TimerHandler: Assertion failed: (queue), function Cancel, file uioserver.cpp, line 4401.

The assert itself itself basically indicates that it can't find the queue/"target" the action would target.

Related to that point:

But, cancelling TimerHandler first also asserts.

Do you hit exactly the same assert or is a different crash?

Moving on to what's actually happening...

What does this assertion indicate...

In terms of exactly what's happening, the first case is the easy one:

Note I am attempting to cancel the handler after the dispatch source and queue are canceled

A few different things can/will do wrong here:

  • The dispatch source holds a reference to it's action, which it destroys at free. If you wanted to do this, you'd need to us OSSharedPtr to hold a reference to the action.

  • When canceling, the action's cancelation handler is called on the queue which it targets, which is a problem if the queue is already gone.

The second case is a bit hard to guess at:

But, cancelling TimerHandler first also asserts.

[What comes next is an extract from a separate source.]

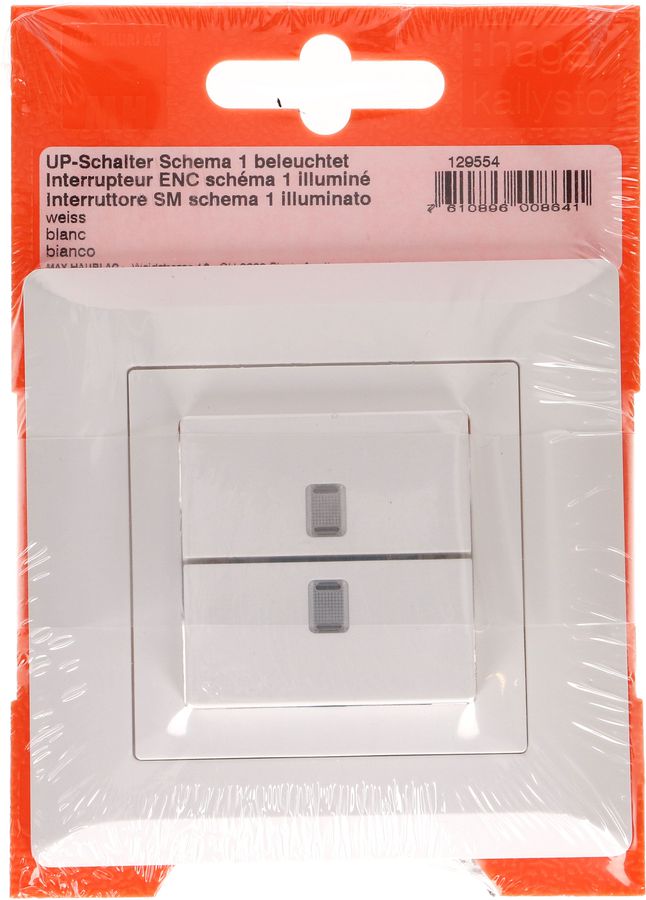 interrupteur à poussoir double schéma3+3 illu. jn ENC Kallysto bc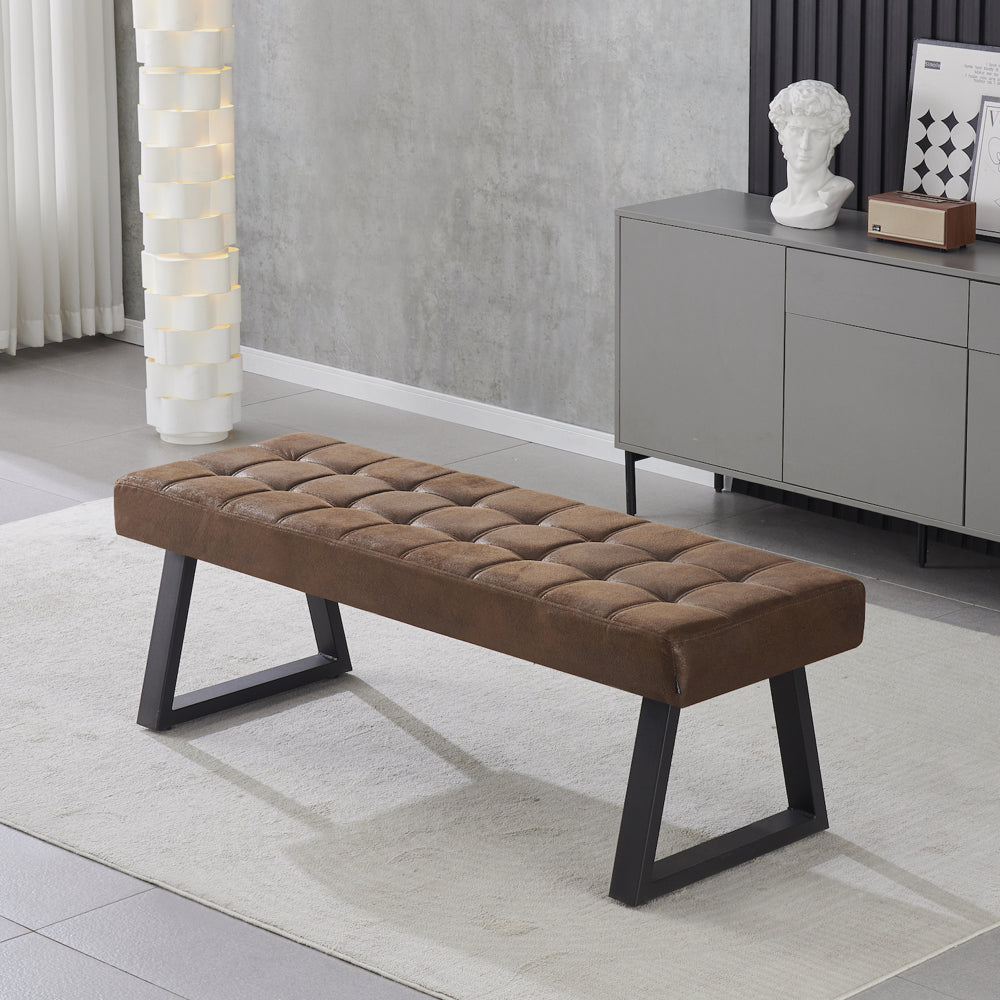 Sitzbank DOLCE – Esszimmerbank mit Polster & Metallgestell | B&D home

...however, there is a hint another hit to both cases here in the header doc:

/*!
* @brief Cancel all callbacks from the action.
* @discussion After cancellation, the action can only be freed. It cannot be reactivated.
* @param handler Handler block to be invoked after any callbacks have completed.
* @return kIOReturnSuccess on success. See IOReturn.h for error codes.
*/
kern_return_t
Cancel(OSActionCancelHandler handler) LOCALONLY;

The keyword there being "from the action". That is, the intention is that this method is how action can be canceled from inside it's own handler, not as generic cancellation method. Note that this solve both of the failure points I mentioned above, since the source and queue both must be fully "functional" for the action to fire at all.

Finally, what you should be doing here, here's what I found from reviewing our own usage of :

  1. A comfortable majority of our code actually used a local variable for the OSAction object, which means they couldn't cancel from this context even if they wanted to. Outside of very specific requirements, this is the approach I'd recommend.

  2. Calling OSAction->Cancel() at all is pretty rare in our code. In the cases I looked at, it was necessary because of complicated architectural issue that I don't think would every really apply to a standard DEXT.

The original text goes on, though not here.